Raw data:

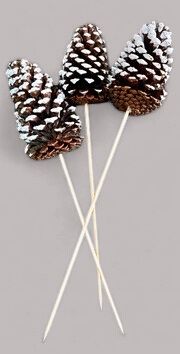 White Tipped Jeffery Pinecone on a Pick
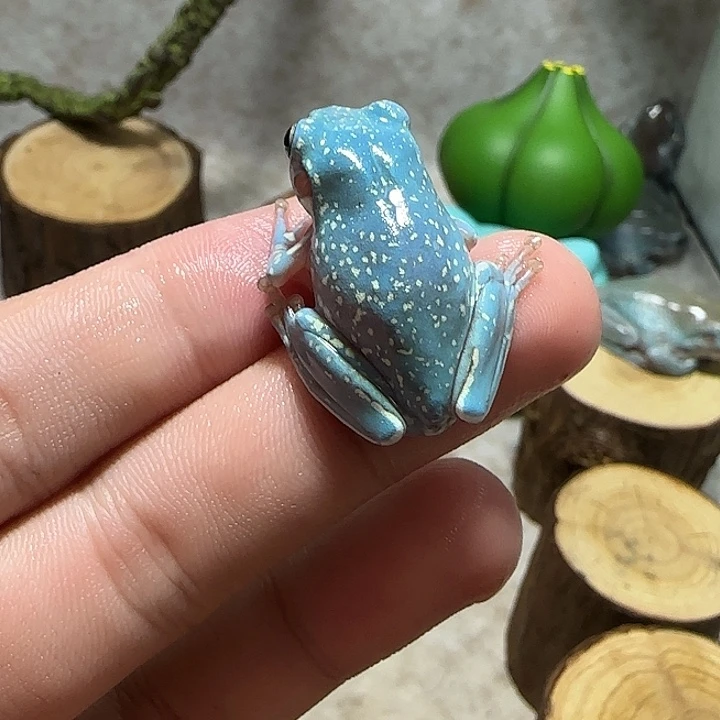 老爷树蛙6 魔鬼蓝暴雪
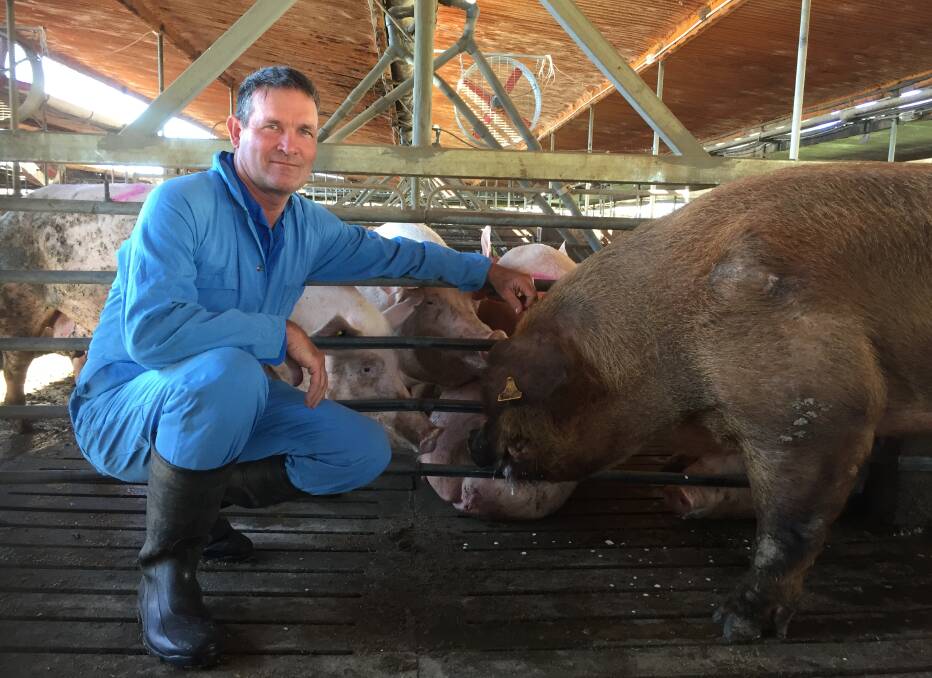 Glasshouse Country Farms owner Gary McGuire is looking to boost security after being repeatedly targeted by animal rights activists.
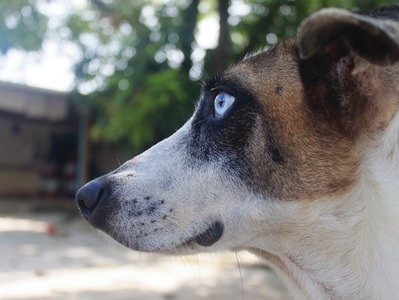 Lupe, cachorro que foi devolvido para o Abrigo de Seu Alberto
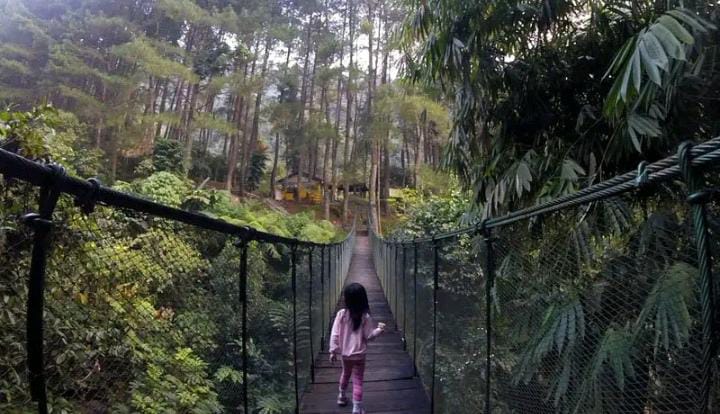 Lokasi wisata Suaka Elang Loji Bogor. Foto: wisatahalimun.co.id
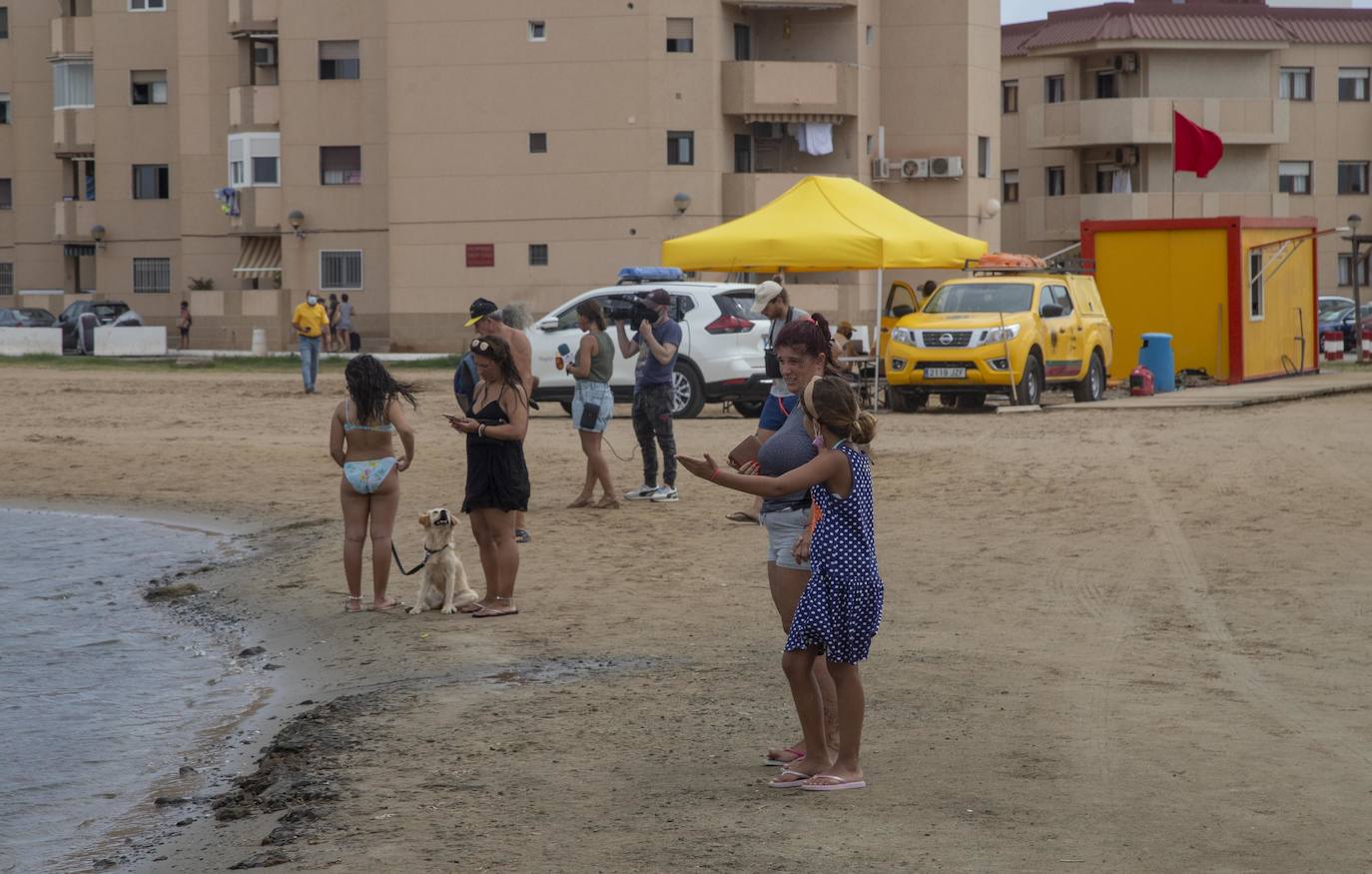 Fotos: La semana empieza con más peces muertos en el Mar Menor, hoy en la zona norte de La Manga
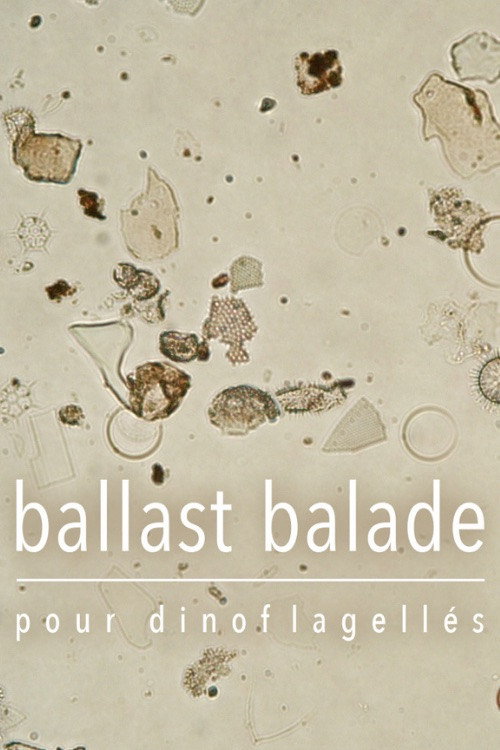 Ballast Stowaways Dinoflagellates poster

What you should do:
Extract the lines beginning with the one that contains "Lupe, cachorro que" and ending with the last line of the listing. Keep them exact and drop the pictures.

Response to the task:
 Lupe, cachorro que foi devolvido para o Abrigo de Seu Alberto
 Lokasi wisata Suaka Elang Loji Bogor. Foto: wisatahalimun.co.id
 Fotos: La semana empieza con más peces muertos en el Mar Menor, hoy en la zona norte de La Manga
 Ballast Stowaways Dinoflagellates poster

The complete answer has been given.